October 10, 2015
Hello readers, and welcome to our Tour Stop for
Trust Me, I’m Trouble by Mary Elizabeth Summer!
We have a fun guest post with Mary Elizabeth Summer today about Trust Me, I’m Trouble, and Catcher in the Rye!
Intrigued? Read all about it below!
Follow the rest of the tour by clicking on the banner above, and be sure to enter the giveaway found at the end of the post!
The sequel to TRUST ME, I’M LYING
Staying out of trouble isn’t possible for Julep Dupree. She has managed not to get kicked out of her private school, even though everyone knows she’s responsible for taking down a human-trafficking mob boss—and getting St. Agatha’s golden-boy Tyler killed in the process. Running cons holds her guilty conscience at bay, but unfortunately, someone wants Julep to pay for her mistakes . . . with her life.
Against her better judgment, Julep takes a shady case that requires her to infiltrate a secretive organization that her long-gone mother and the enigmatic blue fairy may be connected to. Her best friend, Sam, isn’t around to stop her, and Dani, her one true confidante, happens to be a nineteen-year-old mob enforcer whose moral compass is as questionable as Julep’s. But there’s not much time to worry about right and wrong—or to save your falling heart—when there’s a contract on your head.
Murders, heists, secrets and lies, hit men and hidden identities . . . If Julep doesn’t watch her back, it’s her funeral. No lie.
For those of you who’ve read Trust Me, I’m Lying, it probably comes as no surprise to you that I like to pick a classic novel to use as a reference for the story, something with a theme or two in common with what I’m writing that I can allude to from time to time. It provides both verification of theme and a wealth of material I can steal—er, I mean, draw from while I’m writing.
In TMIL, I used The Adventures of Pinocchio (by the by, there will be a companion post to this one on October 13th called “Chasing the Blue Fairy” that covers the Pinocchio connection). For Trust Me, I’mTrouble, though, I wanted something a little more grown up.
When I first started brainstorming Trust Me, I’m Trouble, I knew a couple of things:
- I had to up the ante. TMIL had such an epic premise—teenager goes up against the mob to save her dad and ends up sacrificing everything to save a bunch of strangers instead. I knew it would be tough to top it.
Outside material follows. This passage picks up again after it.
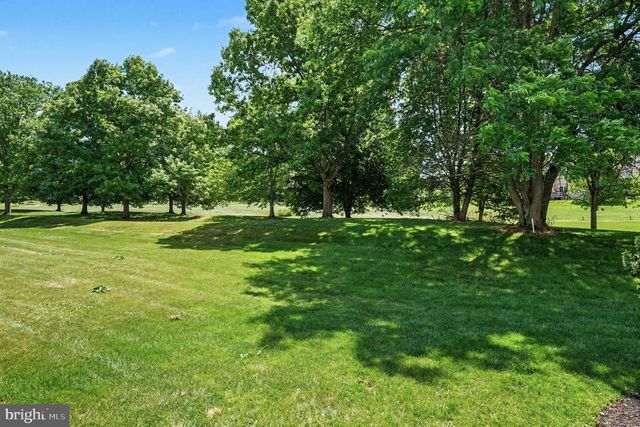 155 COUNTRY CLUB DR, Lansdale, PA 19446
And the only antagonist I could think of that would be harder to beat than the mob was another grifter.
- Julep has a real save-the-whales complex, but only when it comes to the innocent. To everyone else, she’s kind of a schmuck.
- Julep may have figured out more or less which side of the good/evil divide she falls on, but she’s still on the quest to find out who she is. And she’s got a lot of ground still to cover.
So I took those things that I knew, and started thinking about what books I’d read that exemplified breaking away from everyone’s expectations, where the main character was kind of a schmuck, but the reader is still kind of rooting for them to find themselves. And obviously, the best book for all those things is The Catcher in the Rye.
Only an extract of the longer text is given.